Neben den verbandspolitischen Beratungen stand vor allem der fachliche Austausch im Mittelpunkt der Veranstaltung. Im Rahmen einer Exkursion in die Montagne de Reims diskutierten die Delegierten aktuelle Herausforderungen und Lösungsansätze für eine zukunftsorientierte Waldbewirtschaftung.
Im Fokus standen dabei waldbauliche Konzepte für Eichenbestände, die Auswirkungen des Klimawandels auf die Baumartenwahl sowie die Pflege und Entwicklung junger Waldbestände. Der Vergleich unterschiedlicher Erfahrungen und Bewirtschaftungsansätze aus den europäischen Ländern verdeutlichte einmal mehr den hohen Stellenwert der grenzüberschreitenden Zusammenarbeit für eine nachhaltige und resiliente Forstwirtschaft.


Ein besonderer Höhepunkt der Generalversammlung war das 30-jährige Bestehen der CEPF. Im Rahmen einer Gesprächsrunde blickten langjährige Wegbegleiter auf drei Jahrzehnte erfolgreicher europäischer Interessenvertretung der Waldeigentümer zurück.
Auch der Ehrenpräsident der Land&Forst Betriebe Österreich, Stefan Schenker, war zu Gast und bereicherte die Veranstaltung mit persönlichen Erinnerungen, spannenden Einblicken und zahlreichen Anekdoten aus der gemeinsamen Geschichte der CEPF.

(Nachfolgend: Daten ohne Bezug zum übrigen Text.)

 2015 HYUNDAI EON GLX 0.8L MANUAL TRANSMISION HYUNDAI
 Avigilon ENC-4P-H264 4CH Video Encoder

Das 30-jährige Bestehen der CEPF unterstreicht die Bedeutung einer starken europäischen Zusammenarbeit der Waldeigentümer. Der regelmäßige Austausch über Ländergrenzen hinweg stärkt die gemeinsame Interessenvertretung und fördert den Wissenstransfer zu aktuellen Herausforderungen der Waldbewirtschaftung. Damit leistet die CEPF einen wichtigen Beitrag zu einer nachhaltigen, zukunftsfähigen und generationenübergreifenden Bewirtschaftung der europäischen Wälder.